15. E, tratando-se as condições mínimas constantes do «contrato de prestação de serviço» de direitos indisponíveis, em caso algum será possível o recurso a um “tribunal arbitral”, porquanto tal não é permitido quer pelo disposto no n.º 1 do artigo 2.º do Decreto-Lei n.º 29/96/M, de 11 de Junho, como pelo disposto na al. a) do n.º 3 do art. 29.º do Código de Processo Civil;
16. De onde se retira que ao contrário do que concluiu o douto despacho, por estarem em causa direitos indisponíveis, sempre se leria de concluir pela incompetência de qualquer ''tribunal arbitral” em razão da matéria e, bem assim, pela competência do Tribunal a quo para julgar a causa.

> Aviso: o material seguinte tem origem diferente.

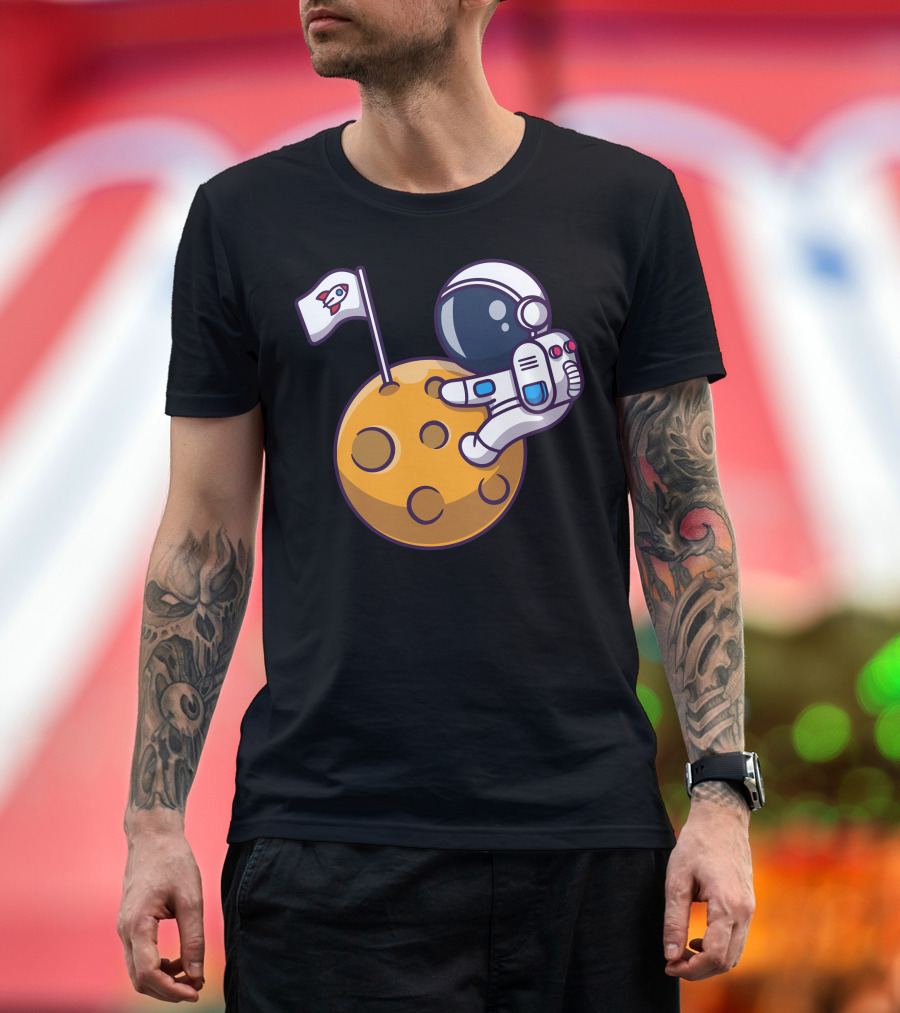 Cute Astronaut with Rocket Flag on Moon T-Shirt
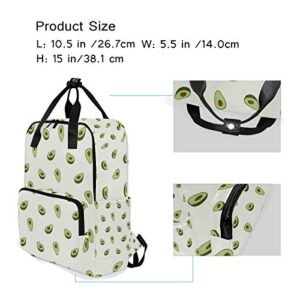 MOYYO Healthy Fruit Avocado School Backpack College Bookbag Water Resistant Laptop Backpack Casual Lightweight Travel Backpack for Teens Girl Women, 10.5x5.5x15 inch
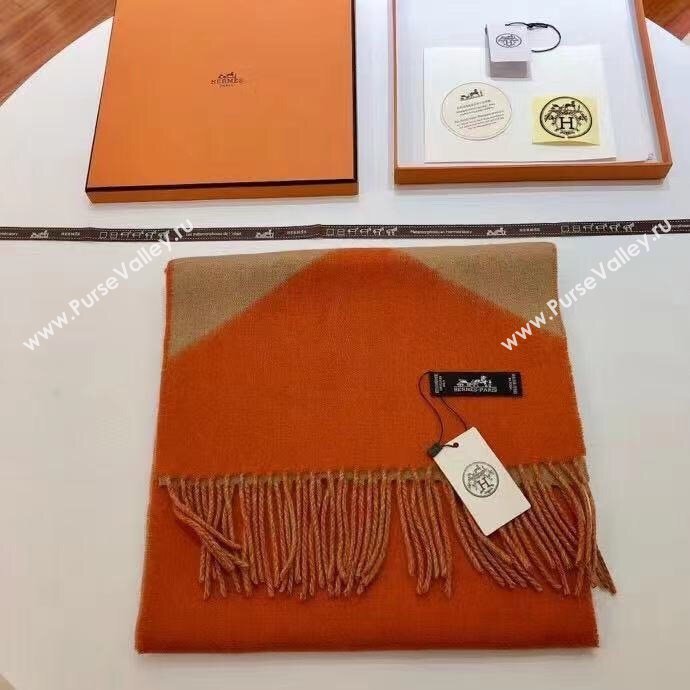 hermes multicolor wool scarf orange/camel 2023 (wtz-2401117-03)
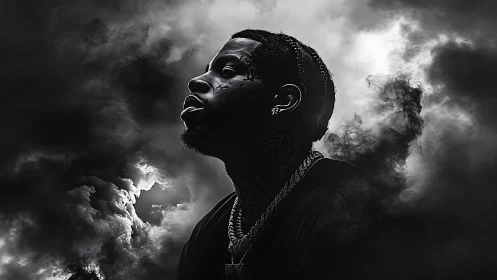 Moody monochrome portrait rising from stormy clouds.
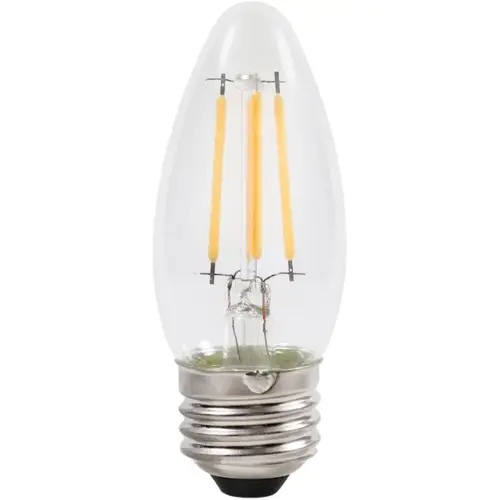 Sylvania 40793 Natural LED Bulb, Decorative, B10 Blunt Tip Lamp, 40 W Equivalent, E26 Lamp Base, Dimmable, Clear - pack of 2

A não se entender assim, existe um erro de julgamento.
17. Exigir que o Autor tenha de suportar os custos com vista à constituição e funcionamento de um “tribunal arbitral”, implica uma inaceitável e intolerável dificultação do acesso ao direito e aos tribunais e, em último caso, uma verdadeira denegação de justiça.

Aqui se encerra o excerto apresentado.